◆ **ASSIGNED TASK**
Transcribe, with complete accuracy, all of the entries below except for the pictures.

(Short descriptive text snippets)
• • • •
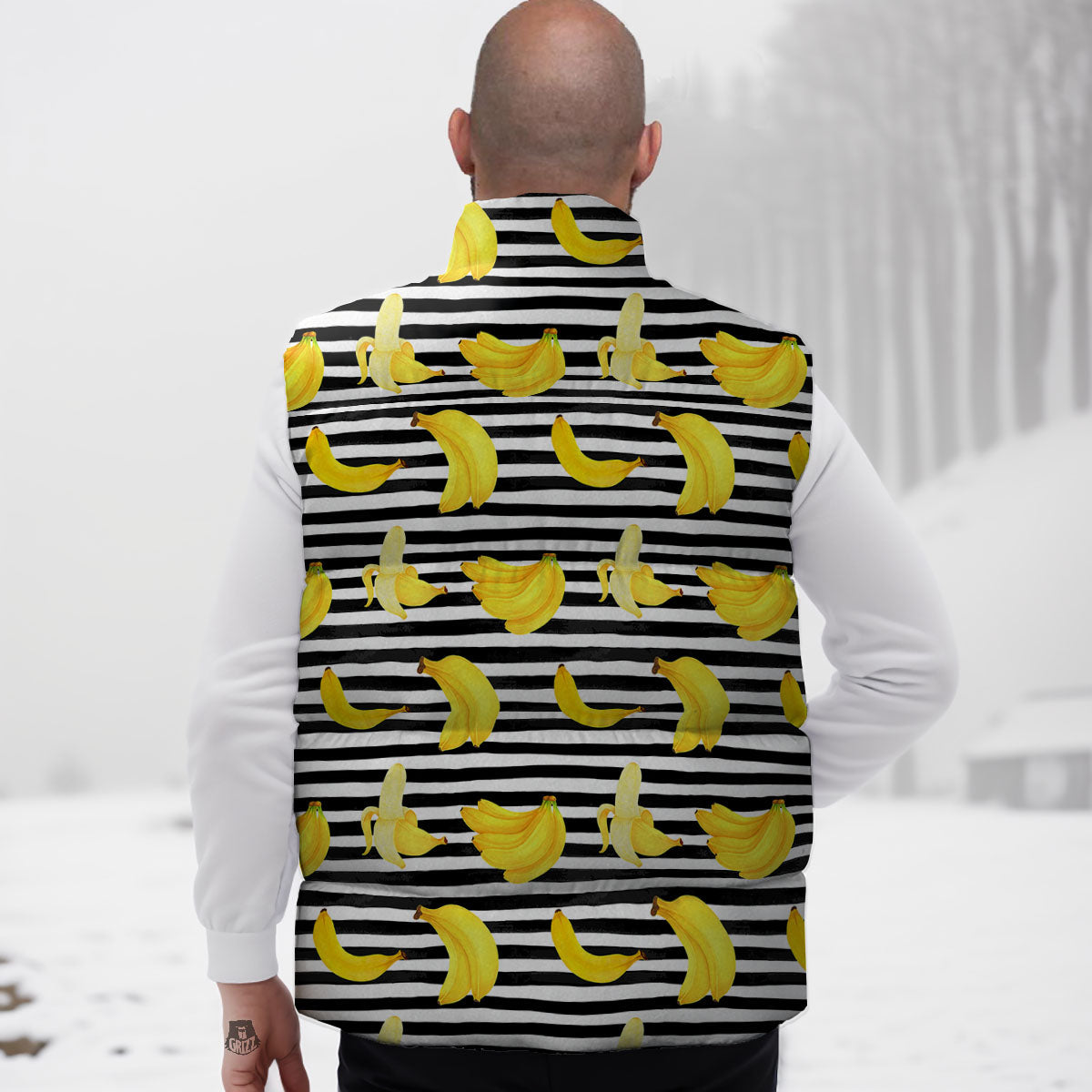 Banana Black Striped Print Pattern Down Vest
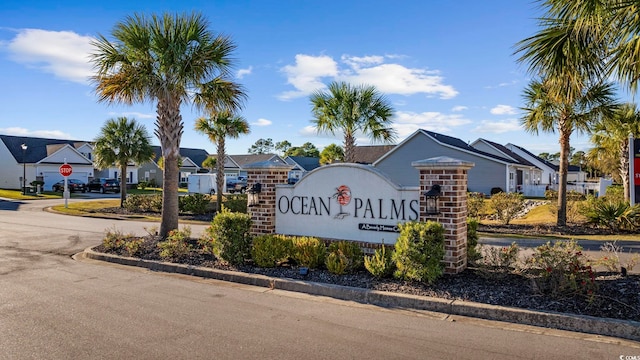 view of community sign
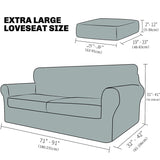 YEMYHOM Latest Checkered 3 Pieces Couch Covers for 2 Cushion Couch High Stretch Sofa Cover with 2 Extra Large Seat Cushion Covers Anti Slip Elastic Slipcovers (XL Loveseat, White), 71"-91"(2 CUSHIONS) YEMYHOM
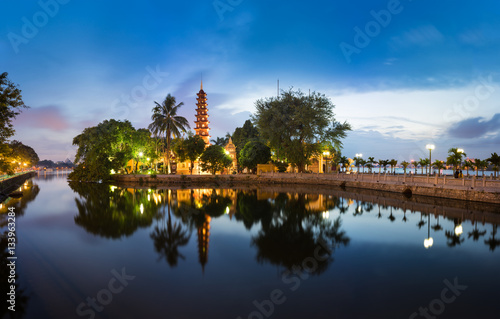 Panorama view of Tran Quoc pagoda, the oldest temple in Hanoi, Vietnam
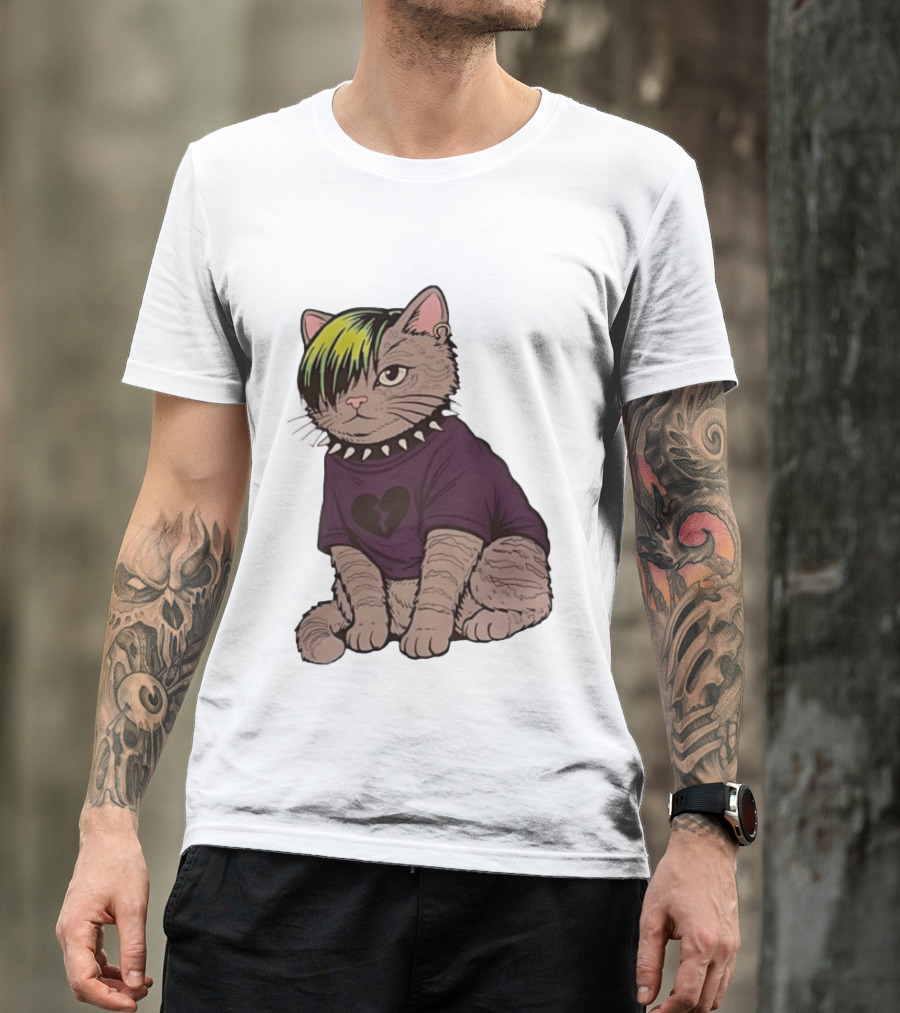 Emo Scene Cat With Heart Break Symbol And Spiked Collar T-Shirt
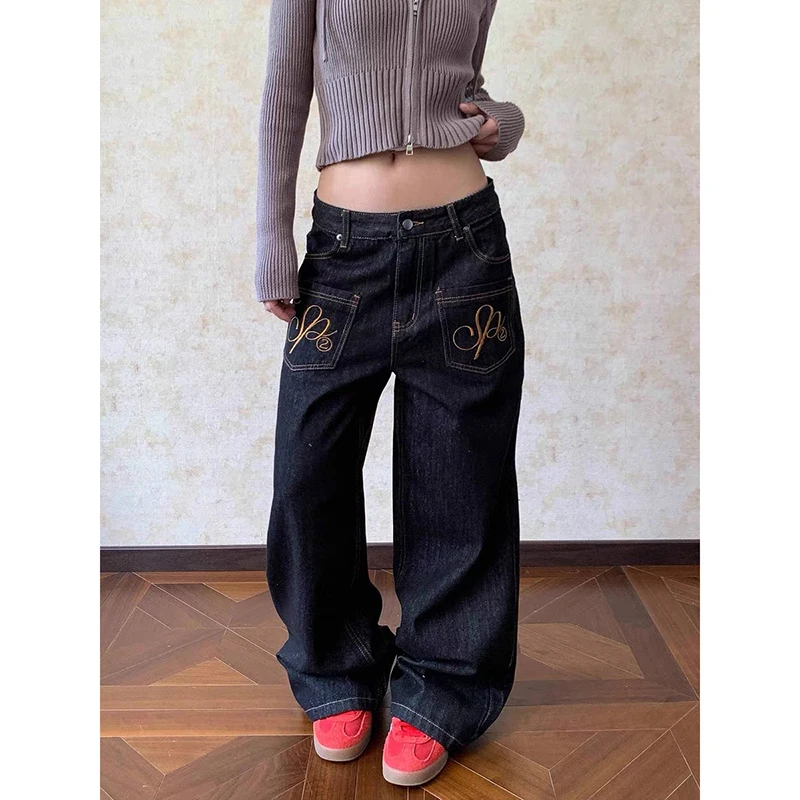 Celana Jeans Wanita ZHIZOU Model Baggy Bordir Gaya Grunge Jepang Low Rise Y2K Denim Estetika 2000-an Harajuku Abi Grunge Cyber Punk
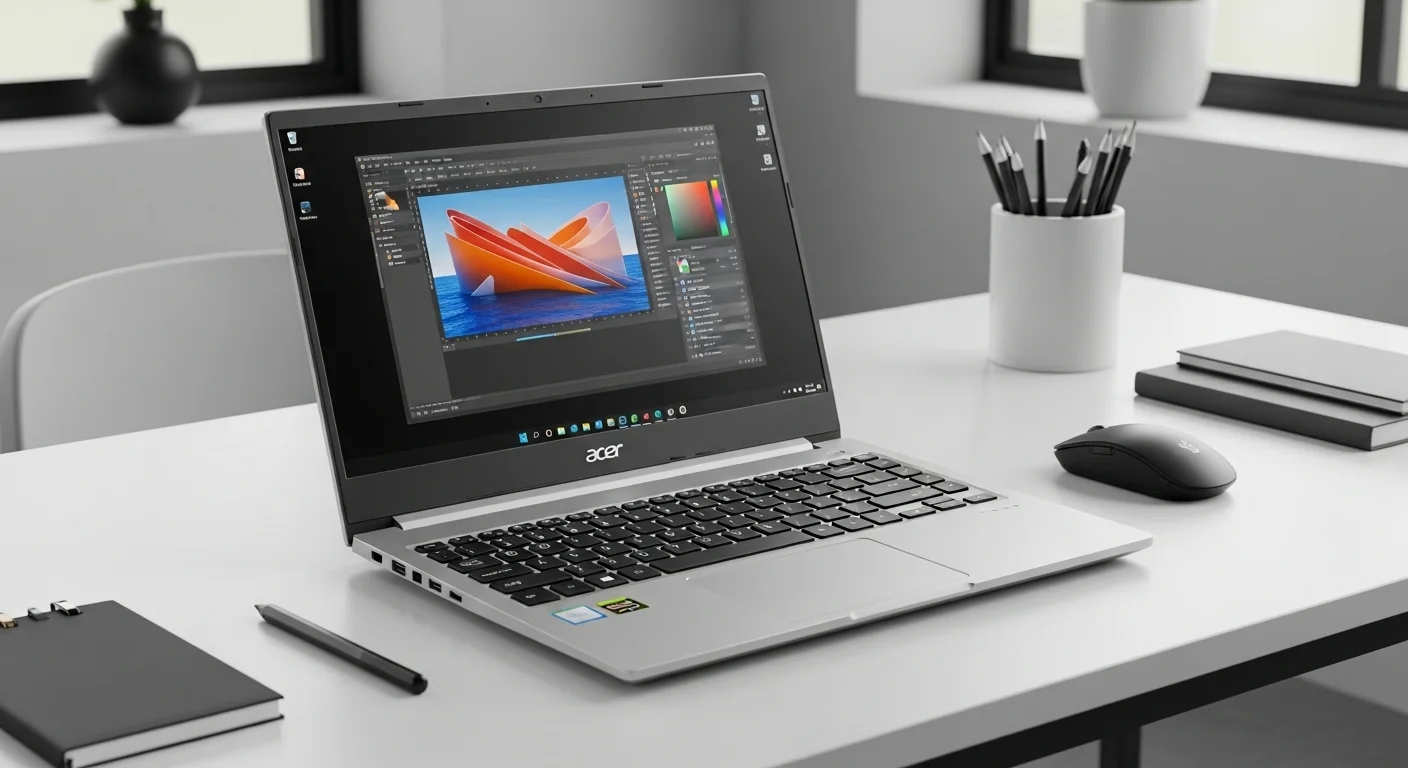 Laptop Acer Aspire 5 con pantalla iluminada mostrando un entorno de trabajo productivo, destacando su diseño moderno y su enfoque en computadoras para la productividad.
• • • •
◆ **ANSWER BOX**
 Banana Black Striped Print Pattern Down Vest
 view of community sign
 YEMYHOM Latest Checkered 3 Pieces Couch Covers for 2 Cushion Couch High Stretch Sofa Cover with 2 Extra Large Seat Cushion Covers Anti Slip Elastic Slipcovers (XL Loveseat, White), 71"-91"(2 CUSHIONS) YEMYHOM
 Panorama view of Tran Quoc pagoda, the oldest temple in Hanoi, Vietnam
 Emo Scene Cat With Heart Break Symbol And Spiked Collar T-Shirt
 Celana Jeans Wanita ZHIZOU Model Baggy Bordir Gaya Grunge Jepang Low Rise Y2K Denim Estetika 2000-an Harajuku Abi Grunge Cyber Punk
 Laptop Acer Aspire 5 con pantalla iluminada mostrando un entorno de trabajo productivo, destacando su diseño moderno y su enfoque en computadoras para la productividad.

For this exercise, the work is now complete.